RAW DATA ▸
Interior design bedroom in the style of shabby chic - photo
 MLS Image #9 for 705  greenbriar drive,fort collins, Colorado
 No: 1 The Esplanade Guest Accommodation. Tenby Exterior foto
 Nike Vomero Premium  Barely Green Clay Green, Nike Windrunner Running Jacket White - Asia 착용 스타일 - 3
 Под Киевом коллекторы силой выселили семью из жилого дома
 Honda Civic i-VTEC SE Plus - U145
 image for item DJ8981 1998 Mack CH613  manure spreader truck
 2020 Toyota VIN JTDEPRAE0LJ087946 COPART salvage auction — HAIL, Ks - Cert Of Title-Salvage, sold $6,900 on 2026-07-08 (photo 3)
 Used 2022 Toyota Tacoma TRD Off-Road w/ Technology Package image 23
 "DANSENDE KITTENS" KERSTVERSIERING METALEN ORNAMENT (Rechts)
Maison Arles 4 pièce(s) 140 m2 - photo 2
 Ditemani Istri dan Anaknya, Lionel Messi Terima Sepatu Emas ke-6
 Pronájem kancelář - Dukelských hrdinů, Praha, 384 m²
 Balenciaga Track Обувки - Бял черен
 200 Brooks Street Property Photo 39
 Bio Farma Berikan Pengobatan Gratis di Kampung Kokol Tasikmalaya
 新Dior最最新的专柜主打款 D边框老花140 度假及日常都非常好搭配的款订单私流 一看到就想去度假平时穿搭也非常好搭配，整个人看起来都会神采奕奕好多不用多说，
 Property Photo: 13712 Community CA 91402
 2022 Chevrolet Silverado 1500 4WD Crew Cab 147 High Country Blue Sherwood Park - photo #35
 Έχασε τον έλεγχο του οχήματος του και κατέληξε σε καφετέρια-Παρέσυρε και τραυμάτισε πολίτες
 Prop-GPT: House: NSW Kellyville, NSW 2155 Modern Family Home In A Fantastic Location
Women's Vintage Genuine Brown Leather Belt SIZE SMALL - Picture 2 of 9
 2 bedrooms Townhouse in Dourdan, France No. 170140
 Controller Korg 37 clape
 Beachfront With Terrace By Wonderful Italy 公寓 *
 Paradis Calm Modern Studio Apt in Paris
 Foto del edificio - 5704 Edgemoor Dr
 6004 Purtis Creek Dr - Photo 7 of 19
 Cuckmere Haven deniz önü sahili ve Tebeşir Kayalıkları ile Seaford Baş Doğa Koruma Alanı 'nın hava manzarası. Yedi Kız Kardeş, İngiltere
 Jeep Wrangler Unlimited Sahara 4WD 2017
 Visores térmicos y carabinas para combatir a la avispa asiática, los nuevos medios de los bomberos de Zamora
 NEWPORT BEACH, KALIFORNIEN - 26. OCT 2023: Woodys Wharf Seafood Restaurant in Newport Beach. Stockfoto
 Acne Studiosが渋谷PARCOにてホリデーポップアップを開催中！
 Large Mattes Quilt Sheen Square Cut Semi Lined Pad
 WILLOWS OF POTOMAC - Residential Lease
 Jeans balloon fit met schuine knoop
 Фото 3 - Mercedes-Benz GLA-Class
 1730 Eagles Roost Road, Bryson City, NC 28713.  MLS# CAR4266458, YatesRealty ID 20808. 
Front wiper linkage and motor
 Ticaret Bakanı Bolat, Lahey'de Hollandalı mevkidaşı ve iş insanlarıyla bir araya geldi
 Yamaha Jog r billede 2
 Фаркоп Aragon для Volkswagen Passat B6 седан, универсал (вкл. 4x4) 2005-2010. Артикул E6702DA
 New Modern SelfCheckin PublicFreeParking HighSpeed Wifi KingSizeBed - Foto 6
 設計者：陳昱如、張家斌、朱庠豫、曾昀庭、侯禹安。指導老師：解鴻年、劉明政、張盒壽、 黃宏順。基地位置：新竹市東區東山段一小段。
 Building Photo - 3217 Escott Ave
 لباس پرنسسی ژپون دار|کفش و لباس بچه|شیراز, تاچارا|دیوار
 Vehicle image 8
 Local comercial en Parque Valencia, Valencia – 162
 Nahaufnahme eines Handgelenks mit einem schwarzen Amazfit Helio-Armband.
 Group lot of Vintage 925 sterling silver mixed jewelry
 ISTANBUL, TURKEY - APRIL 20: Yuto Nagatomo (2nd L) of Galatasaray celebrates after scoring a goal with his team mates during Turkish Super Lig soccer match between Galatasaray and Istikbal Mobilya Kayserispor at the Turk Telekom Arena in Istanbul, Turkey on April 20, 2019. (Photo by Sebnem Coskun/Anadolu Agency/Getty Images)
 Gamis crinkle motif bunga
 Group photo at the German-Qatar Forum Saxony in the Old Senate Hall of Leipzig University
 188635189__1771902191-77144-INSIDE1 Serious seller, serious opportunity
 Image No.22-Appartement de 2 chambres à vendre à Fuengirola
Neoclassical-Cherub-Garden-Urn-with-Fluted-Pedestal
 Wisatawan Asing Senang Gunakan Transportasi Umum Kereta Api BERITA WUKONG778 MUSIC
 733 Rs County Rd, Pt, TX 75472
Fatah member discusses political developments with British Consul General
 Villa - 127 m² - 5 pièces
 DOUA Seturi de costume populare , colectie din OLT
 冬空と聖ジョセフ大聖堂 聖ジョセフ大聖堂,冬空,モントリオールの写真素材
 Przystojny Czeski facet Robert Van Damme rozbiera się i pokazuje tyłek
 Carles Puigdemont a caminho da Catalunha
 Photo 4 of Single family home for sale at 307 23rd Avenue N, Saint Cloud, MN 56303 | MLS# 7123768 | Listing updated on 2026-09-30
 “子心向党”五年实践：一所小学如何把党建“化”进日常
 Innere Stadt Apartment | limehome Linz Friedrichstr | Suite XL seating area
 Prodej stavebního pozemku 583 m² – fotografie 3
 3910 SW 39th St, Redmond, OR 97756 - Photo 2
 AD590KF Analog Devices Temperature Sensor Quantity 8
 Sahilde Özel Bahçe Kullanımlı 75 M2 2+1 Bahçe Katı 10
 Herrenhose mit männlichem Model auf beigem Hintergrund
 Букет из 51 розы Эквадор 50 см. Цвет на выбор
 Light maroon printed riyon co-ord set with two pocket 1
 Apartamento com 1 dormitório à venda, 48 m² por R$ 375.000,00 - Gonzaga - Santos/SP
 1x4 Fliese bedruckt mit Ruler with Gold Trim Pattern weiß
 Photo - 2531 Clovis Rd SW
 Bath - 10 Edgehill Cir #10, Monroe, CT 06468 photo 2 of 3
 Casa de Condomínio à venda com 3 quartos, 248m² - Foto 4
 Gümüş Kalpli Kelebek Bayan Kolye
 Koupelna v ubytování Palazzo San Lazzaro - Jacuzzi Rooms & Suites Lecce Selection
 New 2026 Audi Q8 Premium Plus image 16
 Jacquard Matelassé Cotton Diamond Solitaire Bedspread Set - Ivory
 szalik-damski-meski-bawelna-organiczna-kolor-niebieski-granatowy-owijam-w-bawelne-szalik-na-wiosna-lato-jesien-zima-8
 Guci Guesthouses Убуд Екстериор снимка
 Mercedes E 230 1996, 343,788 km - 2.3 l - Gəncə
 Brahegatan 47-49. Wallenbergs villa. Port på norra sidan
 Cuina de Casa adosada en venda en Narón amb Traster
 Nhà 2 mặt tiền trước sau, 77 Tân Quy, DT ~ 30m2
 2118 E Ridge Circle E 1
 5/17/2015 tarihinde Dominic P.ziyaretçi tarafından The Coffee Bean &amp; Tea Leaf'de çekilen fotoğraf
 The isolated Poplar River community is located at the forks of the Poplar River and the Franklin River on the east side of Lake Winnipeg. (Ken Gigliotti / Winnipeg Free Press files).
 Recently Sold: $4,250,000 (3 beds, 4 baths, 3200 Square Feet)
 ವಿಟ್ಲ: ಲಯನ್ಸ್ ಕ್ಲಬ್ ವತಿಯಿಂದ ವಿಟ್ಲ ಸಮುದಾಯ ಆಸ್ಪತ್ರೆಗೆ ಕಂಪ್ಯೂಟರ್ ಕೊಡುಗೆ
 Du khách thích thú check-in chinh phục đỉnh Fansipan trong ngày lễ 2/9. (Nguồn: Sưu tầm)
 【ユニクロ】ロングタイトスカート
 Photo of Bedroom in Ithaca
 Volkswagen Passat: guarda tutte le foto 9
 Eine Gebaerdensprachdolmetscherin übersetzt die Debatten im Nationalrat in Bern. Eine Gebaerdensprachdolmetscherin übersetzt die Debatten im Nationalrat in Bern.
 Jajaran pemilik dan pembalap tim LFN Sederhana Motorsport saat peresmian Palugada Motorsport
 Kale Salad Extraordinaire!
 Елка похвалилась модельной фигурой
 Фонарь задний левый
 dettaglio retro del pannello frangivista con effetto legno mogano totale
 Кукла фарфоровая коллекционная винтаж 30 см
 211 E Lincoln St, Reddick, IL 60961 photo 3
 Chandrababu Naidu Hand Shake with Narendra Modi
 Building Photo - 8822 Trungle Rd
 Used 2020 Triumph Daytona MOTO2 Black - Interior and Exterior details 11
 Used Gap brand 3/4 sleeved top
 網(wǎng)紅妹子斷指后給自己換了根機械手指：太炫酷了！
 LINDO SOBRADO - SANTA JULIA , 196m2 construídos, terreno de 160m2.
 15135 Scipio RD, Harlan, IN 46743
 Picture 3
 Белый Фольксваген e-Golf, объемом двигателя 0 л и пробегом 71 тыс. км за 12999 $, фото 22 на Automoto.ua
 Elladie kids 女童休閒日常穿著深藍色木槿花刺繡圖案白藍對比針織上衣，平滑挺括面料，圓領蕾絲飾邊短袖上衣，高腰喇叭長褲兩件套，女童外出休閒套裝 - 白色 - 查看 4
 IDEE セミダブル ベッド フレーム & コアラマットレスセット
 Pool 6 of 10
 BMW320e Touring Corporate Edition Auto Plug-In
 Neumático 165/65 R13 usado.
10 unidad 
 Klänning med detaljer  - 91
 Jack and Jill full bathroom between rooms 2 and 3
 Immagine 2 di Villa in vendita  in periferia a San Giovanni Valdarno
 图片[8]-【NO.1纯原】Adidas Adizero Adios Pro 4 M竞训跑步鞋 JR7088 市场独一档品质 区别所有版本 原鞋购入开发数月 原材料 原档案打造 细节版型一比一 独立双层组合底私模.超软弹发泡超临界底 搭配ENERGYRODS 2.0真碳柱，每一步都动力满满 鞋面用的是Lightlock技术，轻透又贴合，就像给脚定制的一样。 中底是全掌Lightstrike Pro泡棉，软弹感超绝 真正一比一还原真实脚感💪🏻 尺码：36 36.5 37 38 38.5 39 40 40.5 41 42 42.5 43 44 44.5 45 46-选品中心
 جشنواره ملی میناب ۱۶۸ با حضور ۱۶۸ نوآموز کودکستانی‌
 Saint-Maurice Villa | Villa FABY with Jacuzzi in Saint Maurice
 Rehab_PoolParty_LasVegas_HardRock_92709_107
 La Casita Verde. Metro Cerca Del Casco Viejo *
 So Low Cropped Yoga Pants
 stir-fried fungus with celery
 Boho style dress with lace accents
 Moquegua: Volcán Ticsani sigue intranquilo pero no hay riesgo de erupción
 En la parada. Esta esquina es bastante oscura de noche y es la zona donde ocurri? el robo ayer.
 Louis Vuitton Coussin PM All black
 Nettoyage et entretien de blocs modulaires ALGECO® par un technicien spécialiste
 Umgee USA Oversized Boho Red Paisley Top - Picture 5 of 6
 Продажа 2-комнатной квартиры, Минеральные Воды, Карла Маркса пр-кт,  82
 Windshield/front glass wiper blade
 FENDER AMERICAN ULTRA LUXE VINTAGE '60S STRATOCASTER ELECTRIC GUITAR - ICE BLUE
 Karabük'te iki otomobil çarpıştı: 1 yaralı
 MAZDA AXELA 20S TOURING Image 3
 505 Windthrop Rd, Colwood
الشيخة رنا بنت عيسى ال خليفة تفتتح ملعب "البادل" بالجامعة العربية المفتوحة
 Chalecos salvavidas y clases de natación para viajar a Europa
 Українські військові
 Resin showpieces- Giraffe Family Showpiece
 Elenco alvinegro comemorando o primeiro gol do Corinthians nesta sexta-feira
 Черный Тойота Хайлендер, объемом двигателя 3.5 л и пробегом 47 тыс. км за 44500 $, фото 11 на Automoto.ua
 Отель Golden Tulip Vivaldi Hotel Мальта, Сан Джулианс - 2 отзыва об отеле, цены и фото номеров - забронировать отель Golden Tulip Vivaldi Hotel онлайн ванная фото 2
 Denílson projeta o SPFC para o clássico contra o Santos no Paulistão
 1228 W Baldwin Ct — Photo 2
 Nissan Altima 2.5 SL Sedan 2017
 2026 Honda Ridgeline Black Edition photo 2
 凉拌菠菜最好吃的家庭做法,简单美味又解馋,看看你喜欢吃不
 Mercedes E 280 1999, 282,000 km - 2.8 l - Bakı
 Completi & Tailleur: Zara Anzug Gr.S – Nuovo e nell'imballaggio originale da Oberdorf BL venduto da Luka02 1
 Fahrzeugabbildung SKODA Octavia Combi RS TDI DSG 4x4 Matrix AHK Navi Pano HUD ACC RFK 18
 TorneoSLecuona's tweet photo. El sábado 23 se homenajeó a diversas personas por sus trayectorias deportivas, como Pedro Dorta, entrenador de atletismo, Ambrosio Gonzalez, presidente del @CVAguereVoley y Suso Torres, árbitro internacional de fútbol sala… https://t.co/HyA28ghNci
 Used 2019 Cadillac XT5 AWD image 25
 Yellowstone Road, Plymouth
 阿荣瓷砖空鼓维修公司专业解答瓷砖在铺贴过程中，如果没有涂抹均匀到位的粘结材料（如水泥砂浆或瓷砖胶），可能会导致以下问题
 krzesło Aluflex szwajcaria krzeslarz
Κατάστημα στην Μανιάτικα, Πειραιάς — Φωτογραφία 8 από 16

WHAT NEEDS TO BE DONE ▸
Everything from the line with "Українські військові" through the line with "Черный Тойота Хайлендер, объемом" should be written out exactly as it appears above, end lines included, and nothing outside that range.

SOLUTION TO THE PROBLEM ▸
 Українські військові
 Resin showpieces- Giraffe Family Showpiece
 Elenco alvinegro comemorando o primeiro gol do Corinthians nesta sexta-feira
 Черный Тойота Хайлендер, объемом двигателя 3.5 л и пробегом 47 тыс. км за 44500 $, фото 11 на Automoto.ua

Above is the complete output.